# SedonaSpark => SedonaDB

This notebook shows how to convert a SedonaSpark DataFrame to a SedonaDB DataFrame.

You can convert the SedonaSpark DataFrame to an arrow table and then create the SedonaDB DataFrame from the arrow table.

SedonaSpark is normally run on a cluster and collecting the results in an arrow table puts all the data on the driver node.  This will result in an out of memory exception if the dataset is too large to fit on the driver node.

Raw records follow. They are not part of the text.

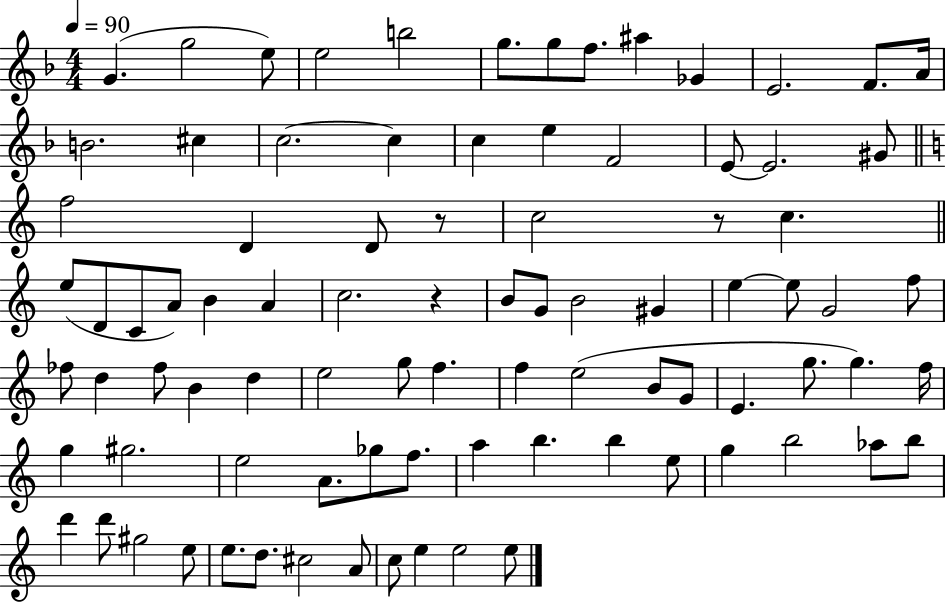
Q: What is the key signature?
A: F major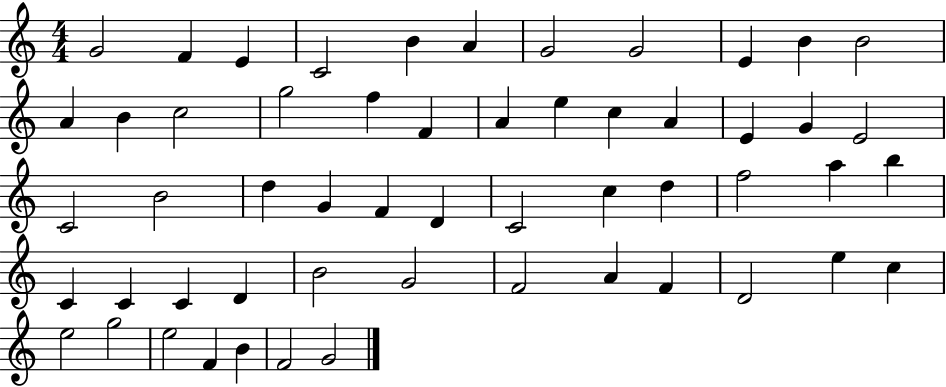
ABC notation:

X:1
T:Untitled
M:4/4
L:1/4
K:C
G2 F E C2 B A G2 G2 E B B2 A B c2 g2 f F A e c A E G E2 C2 B2 d G F D C2 c d f2 a b C C C D B2 G2 F2 A F D2 e c e2 g2 e2 F B F2 G2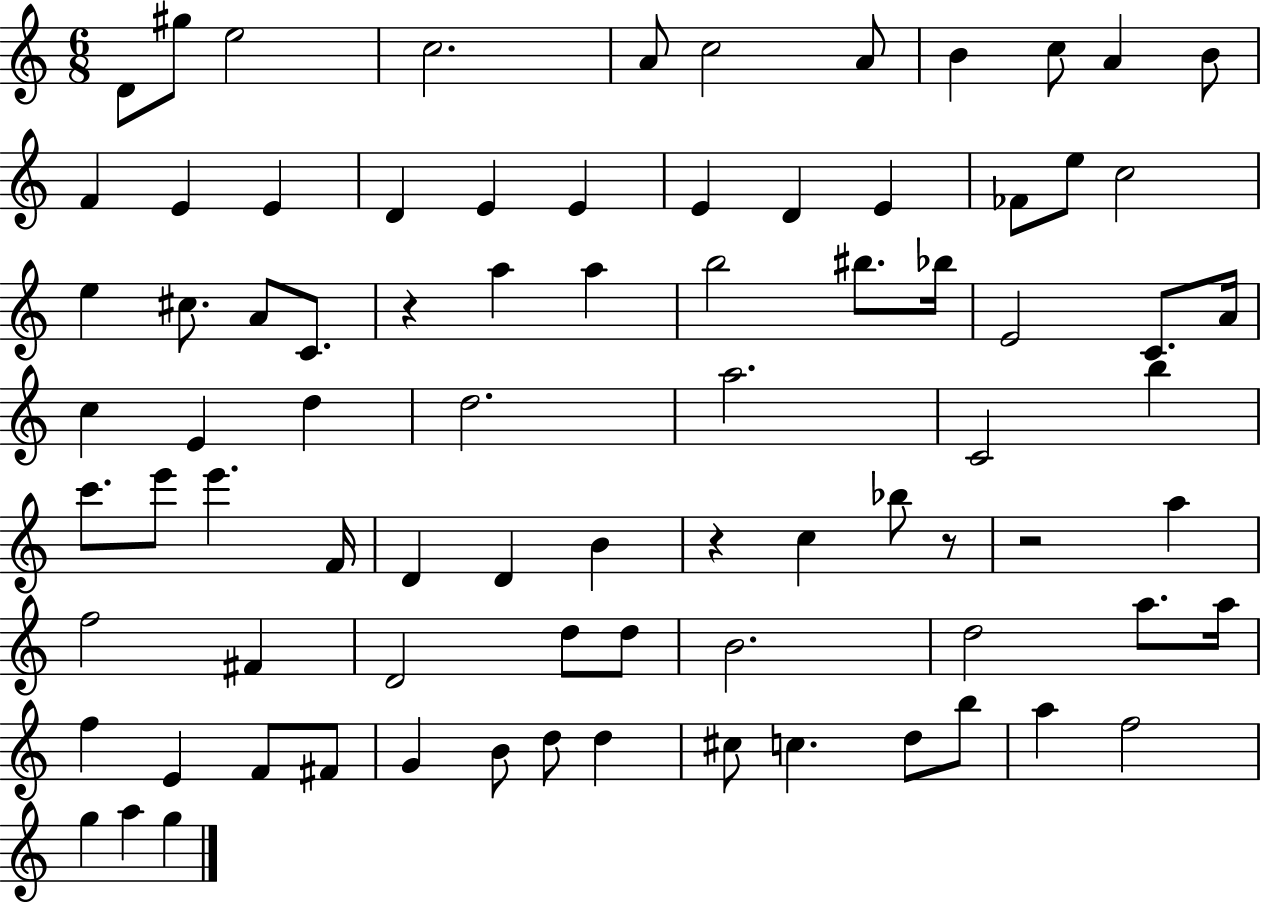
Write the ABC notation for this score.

X:1
T:Untitled
M:6/8
L:1/4
K:C
D/2 ^g/2 e2 c2 A/2 c2 A/2 B c/2 A B/2 F E E D E E E D E _F/2 e/2 c2 e ^c/2 A/2 C/2 z a a b2 ^b/2 _b/4 E2 C/2 A/4 c E d d2 a2 C2 b c'/2 e'/2 e' F/4 D D B z c _b/2 z/2 z2 a f2 ^F D2 d/2 d/2 B2 d2 a/2 a/4 f E F/2 ^F/2 G B/2 d/2 d ^c/2 c d/2 b/2 a f2 g a g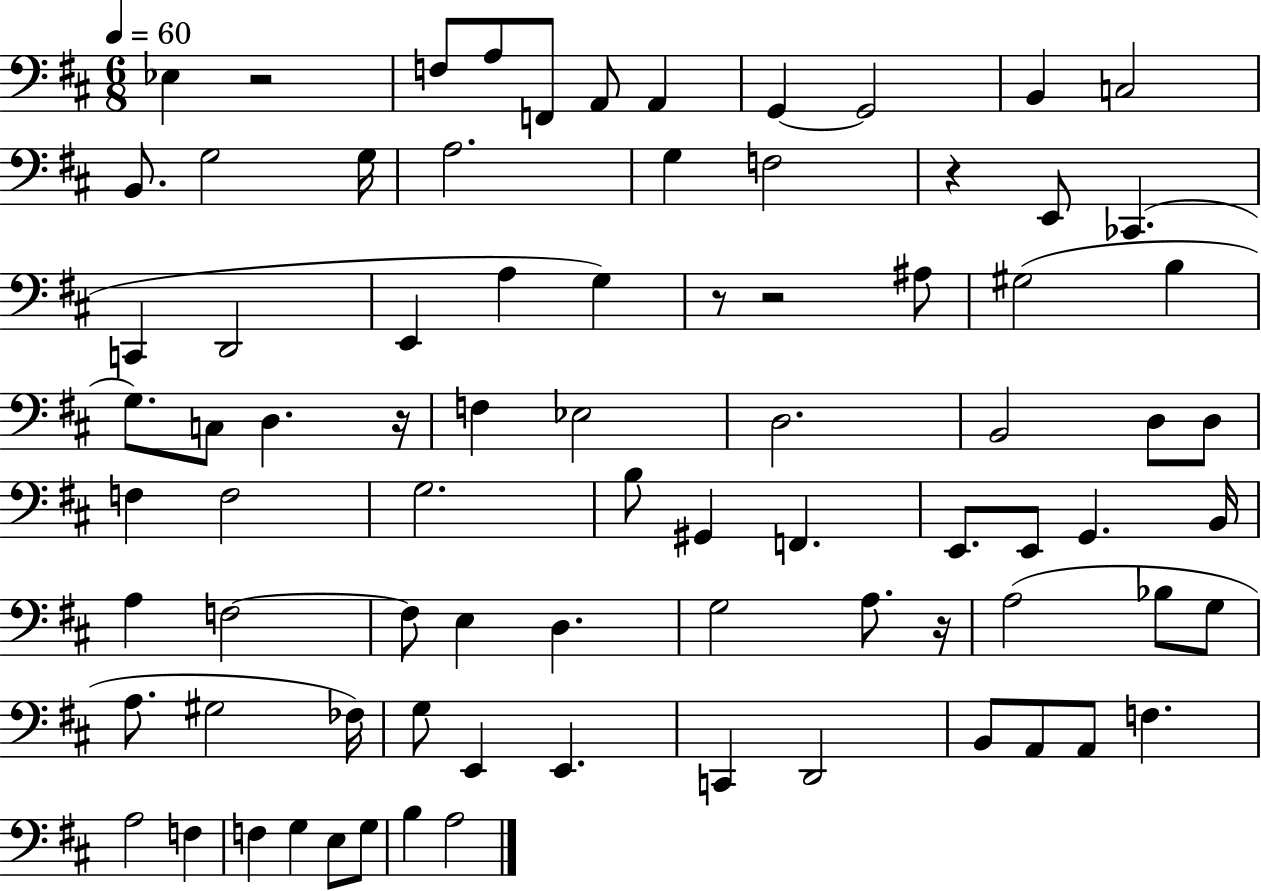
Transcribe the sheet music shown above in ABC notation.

X:1
T:Untitled
M:6/8
L:1/4
K:D
_E, z2 F,/2 A,/2 F,,/2 A,,/2 A,, G,, G,,2 B,, C,2 B,,/2 G,2 G,/4 A,2 G, F,2 z E,,/2 _C,, C,, D,,2 E,, A, G, z/2 z2 ^A,/2 ^G,2 B, G,/2 C,/2 D, z/4 F, _E,2 D,2 B,,2 D,/2 D,/2 F, F,2 G,2 B,/2 ^G,, F,, E,,/2 E,,/2 G,, B,,/4 A, F,2 F,/2 E, D, G,2 A,/2 z/4 A,2 _B,/2 G,/2 A,/2 ^G,2 _F,/4 G,/2 E,, E,, C,, D,,2 B,,/2 A,,/2 A,,/2 F, A,2 F, F, G, E,/2 G,/2 B, A,2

## Create the Spark DataFrame

In [7]:
from sedona.spark import *
from pyspark.sql.functions import col

In [15]:
config = (
    SedonaContext.builder()
    .config(
        "spark.jars.packages",
        "org.apache.sedona:sedona-spark-3.5_2.12:1.7.1,"
        "org.datasyslab:geotools-wrapper:1.7.1-28.5",
    )
    .config(
        "spark.jars.repositories",
        "https://artifacts.unidata.ucar.edu/repository/unidata-all",
    )
    .config("spark.executor.memory", "12G")
    .config("spark.driver.memory", "12G")
    .config("spark.sql.shuffle.partitions", "2")
    .getOrCreate()
)

sedona = SedonaContext.create(config)

25/09/28 10:31:18 WARN UDTRegistration: Cannot register UDT for org.geotools.coverage.grid.GridCoverage2D, which is already registered.
25/09/28 10:31:18 WARN SimpleFunctionRegistry: The function rs_union_aggr replaced a previously registered function.
25/09/28 10:31:18 WARN UDTRegistration: Cannot register UDT for org.locationtech.jts.geom.Geometry, which is already registered.
25/09/28 10:31:18 WARN UDTRegistration: Cannot register UDT for org.apache.sedona.common.geometryObjects.Geography, which is already registered.
25/09/28 10:31:18 WARN UDTRegistration: Cannot register UDT for org.locationtech.jts.index.SpatialIndex, which is already registered.
25/09/28 10:31:18 WARN SimpleFunctionRegistry: The function st_envelope_aggr replaced a previously registered function.
25/09/28 10:31:18 WARN SimpleFunctionRegistry: The function st_intersection_aggr replaced a previously registered function.
25/09/28 10:31:18 WARN SimpleFunctionRegistry: The function st_union_aggr replaced a previously

In [8]:
spark_df = sedona.createDataFrame(
    [
        ("a", "LINESTRING(2.0 5.0,6.0 1.0)"),
        ("b", "POINT(1.0 2.0)"),
        ("c", "POLYGON((7.0 1.0,7.0 3.0,9.0 3.0,7.0 1.0))"),
    ],
    ["id", "geometry"],
).withColumn("geometry", ST_GeomFromText(col("geometry")))

In [9]:
type(spark_df)

pyspark.sql.dataframe.DataFrame

## Convert the Spark DataFrame to a SedonaDB DataFrame

In [10]:
import sedona.db
sd = sedona.db.connect()

In [11]:
df = sd.create_data_frame(dataframe_to_arrow(spark_df))

In [12]:
df.show()

┌──────┬────────────────────────────┐
│  id  ┆          geometry          │
│ utf8 ┆          geometry          │
╞══════╪════════════════════════════╡
│ a    ┆ LINESTRING(2 5,6 1)        │
├╌╌╌╌╌╌┼╌╌╌╌╌╌╌╌╌╌╌╌╌╌╌╌╌╌╌╌╌╌╌╌╌╌╌╌┤
│ b    ┆ POINT(1 2)                 │
├╌╌╌╌╌╌┼╌╌╌╌╌╌╌╌╌╌╌╌╌╌╌╌╌╌╌╌╌╌╌╌╌╌╌╌┤
│ c    ┆ POLYGON((7 1,7 3,9 3,7 1)) │
└──────┴────────────────────────────┘


In [13]:
df.schema

SedonaSchema with 2 fields:
  id: utf8<Utf8>
  geometry: geometry<Wkb>

In [14]:
type(df)

sedonadb.dataframe.DataFrame